Not sure how much this film depicts the real woman vs. how much of it is merely a simplified decpiction of her life. It would be interesting to learn more history on the period and specifically her real character. The film, however, succeeded in showing a sympathetic side of MA, and in a modern, refreshing way. Bravo Sofia.

Tuesday, October 24, 2006

Not bad, just Stuff.

I haven't been blogging lately, and it's been good. I love keeping a blog, but real life stepped in and said "hey, pay more attention to me." Not bad, just stuff. In the month I've been on hiatus I actually took my LAST paycheck and a (sort of) vacation road trip. I say sort of b/c it was with my DH and one of his friends. Sometimes three's a crowd, kwim? It was fun doing some wheeling in Moab, some gambling in Vegas, and some looong hours driving NV's "Loneliest Road in America" (I'm not kidding). Fun to get away mostly, but I wouldn't call it a "vacation.

So, now I have no...ahem...paid job and lemme tell you that's been yet another transition. The reality of my career-kill is a bit harder than I expected. Perhaps it's more a mental leap than anything though. Just knowing that I don't have my career anymore kind of forces me to "redefine" who I am, if that makes sense. Even though I DIDN'T define myself by my career--I didn't even really think of it as a career. It really makes no sense. All of these thoughts stem from the fact that being a SAHM is completely different than going to the office everyday.

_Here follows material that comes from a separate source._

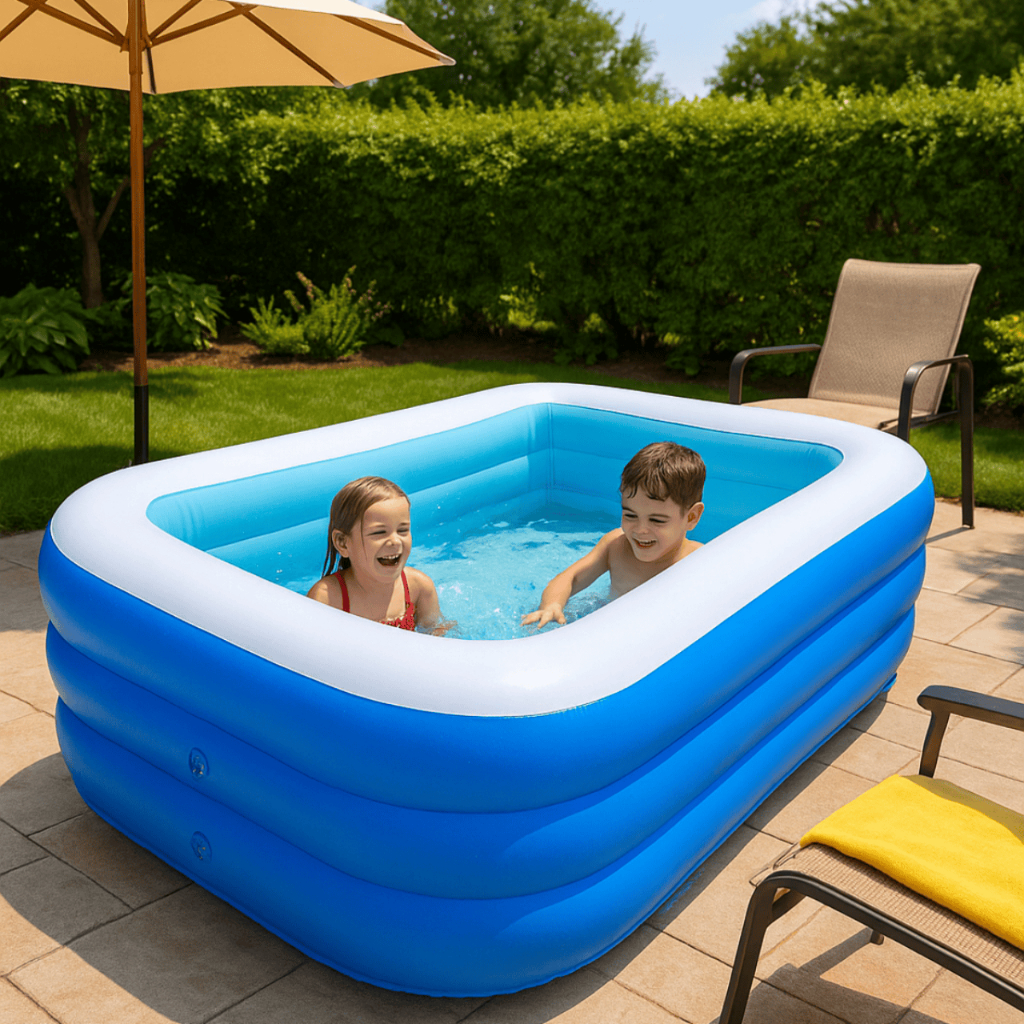Piscina Infantil Inflável de Plástico Banheira Crianças Retangular Resistente Diversão Família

Goals and acheivements are still there, but they are WAY wacky. All over the board & chaotic is how I would describe it. So unlike my previous job where things were much more structured and somewhat predictable and process-oriented-to-death, now I need to re-think how to plan and complete goals. Suffice to say, it's been a messy few weeks as far as that goes.

Anyhoo---what I've missed most about blogging--aside from all your brilliant comments of course--is not having a record of what's been going on with me and my darling Lizzy.

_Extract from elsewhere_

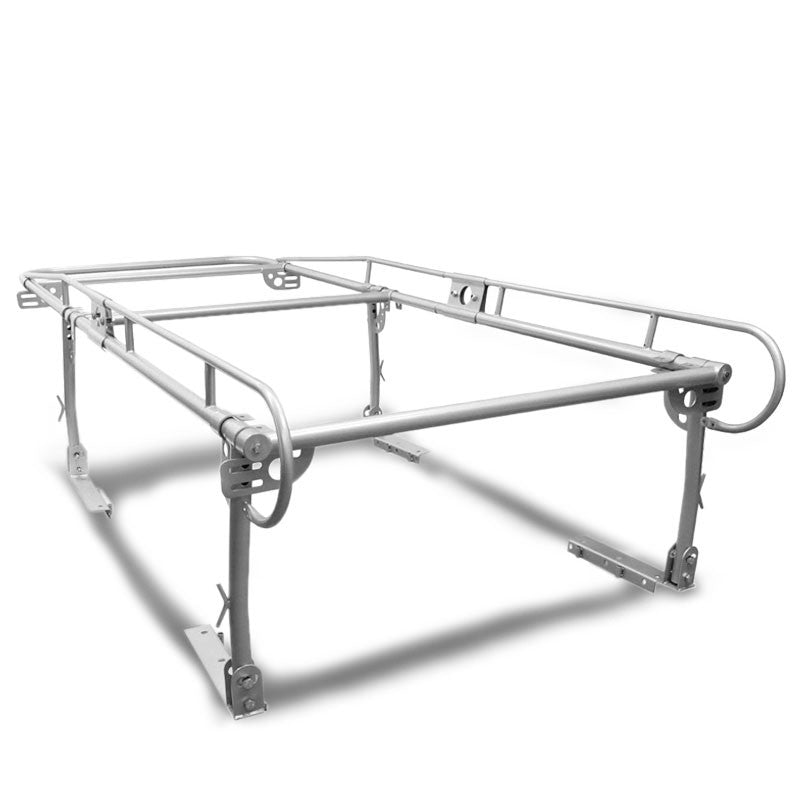 Universal Silver Adjust Pickup Truck Bed Ladder Rack Quad Utility Bar 132" x 57"-Exterior-BuildFastCar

She's made a lot of progress just in the past month it seems. She's attempting to talk more-- even mimics words that she's heard for the first time. Well, she's starting to do that; it's still a fairly random event, but it's a start. I know she understands so much of what we're saying too. Nice, but a little scary. Certain words can now trigger an intense reaction, like playground, park, walk, eat, and of course, no.

oh yeah, she's starting to say "no" and I need to keep reminding myself that this IS a good thing.


Glad to be back. It feels good to open up the writing bottle again--I missed it more than I thought I did. Writing is amazingly cathartic.

So are Lizzy's naps...ahhhhhhhhhhhhhhhhhhhhh. (Just sleep. pretty please??! Mommy NEEDs you to nap. Mommy...I mean you...er...will feel so much better after a nice, long nap...)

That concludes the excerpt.